But an early reference work that listed the word—John Bartlett, Dictionary of Americanisms (1848)—lists a different etymology:

CAHOOT. Probably from cohort, Spanish and French, defined in the old French and English Dictionary of Hollyband, 1593, as "a company, a band." It is used at the South and West [of the United States] to denote a company or union of men for a predatory excursion, and sometimes for a partnership in business.

A Google Books search reveals that John Jamieson, An Etymological Dictionary of the Scottish Language (1808) lists cahute as a Scottish word (drawn from French) with two meanings:

CAHUTE, s. 1. The cabin of a ship. [Example:] Into the Katherine thou made a foul cahute. Evergreen, ii. 71. at 26. Katherine is the name of the ship here referred to.
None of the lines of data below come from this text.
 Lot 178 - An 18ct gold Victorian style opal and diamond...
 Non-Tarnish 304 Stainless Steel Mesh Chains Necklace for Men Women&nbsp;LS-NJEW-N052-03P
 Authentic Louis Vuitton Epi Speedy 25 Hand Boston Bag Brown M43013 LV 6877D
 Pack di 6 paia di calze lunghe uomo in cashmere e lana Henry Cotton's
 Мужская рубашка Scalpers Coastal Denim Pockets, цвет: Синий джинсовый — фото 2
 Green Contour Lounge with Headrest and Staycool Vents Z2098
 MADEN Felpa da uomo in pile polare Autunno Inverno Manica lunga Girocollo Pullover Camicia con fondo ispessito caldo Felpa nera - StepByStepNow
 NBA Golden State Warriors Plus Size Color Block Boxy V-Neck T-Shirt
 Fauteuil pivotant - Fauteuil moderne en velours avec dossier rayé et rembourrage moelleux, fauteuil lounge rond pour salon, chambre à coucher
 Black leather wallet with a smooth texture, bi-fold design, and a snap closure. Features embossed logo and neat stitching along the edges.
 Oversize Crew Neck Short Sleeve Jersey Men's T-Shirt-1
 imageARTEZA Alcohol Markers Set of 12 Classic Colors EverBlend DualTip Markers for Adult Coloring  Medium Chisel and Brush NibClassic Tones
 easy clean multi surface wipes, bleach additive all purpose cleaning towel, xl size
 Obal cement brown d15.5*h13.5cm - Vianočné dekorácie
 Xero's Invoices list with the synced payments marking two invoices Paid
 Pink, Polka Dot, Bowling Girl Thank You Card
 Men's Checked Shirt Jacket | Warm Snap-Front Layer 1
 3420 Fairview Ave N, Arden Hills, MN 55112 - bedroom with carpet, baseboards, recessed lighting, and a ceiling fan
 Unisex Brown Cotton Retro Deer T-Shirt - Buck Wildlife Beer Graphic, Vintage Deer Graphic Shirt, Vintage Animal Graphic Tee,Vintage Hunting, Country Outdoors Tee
This is probably the primary sense. 2. A small or private apartment of any kind. [Example omitted.]

Germ. kaiute, koiute, the cabin of a ship, Su.G. kaijuta, id. Wachter derives the term from koie, a place inclosed; Belg. schaaps-kooi, a fold for sheep. C. B. cau, to shut; Gr κωοι, caverna. He also mentions Gr. κεω cubo, and κοιτη cubile, as probable roots of koie and koiute. Fr. cahute, a hut, a cottage; Ir. ca, cai, a house.

This would tend to strengthen Merriam-Webster's theory that cahoot originated with the French cahute, since Scottish immigrants to the United States might have brought Scottish cahute with them.

On the other hand, the 1829 instance of cahoot cited by Merriam-Webster is probably the following one (cited in J.E. Lighter, Random House Historical Dictionary of American Slang [1993] as being from 1829), from Samuel Kirkham, English Grammar in Familiar Lectures (1831), in a chapter on "Provincialisms" and a subsection on instances from Maryland, Virginia, Kentucky, or Mississippi:

Hese in cahoot with me.

which is corrected by Kirkham to

He is in partnership with me.

The 1833 edition of Kirkham has cohoot for cahoot, and J.L. Lighter indicates that the 1829 edition did as well, which suggests that the word may first have appeared in U.S. English with the spelling cohoot—which certainly has more in common with cohort than with cahute. For its part, Lighter approaches the etymology question with caution:

cahoot n {orig. uncert.; perh. [from] F cahute 'cabin, hut'}


So I have three questions:

  1. Where did cahoot come from?

  2. When was it first used in written English?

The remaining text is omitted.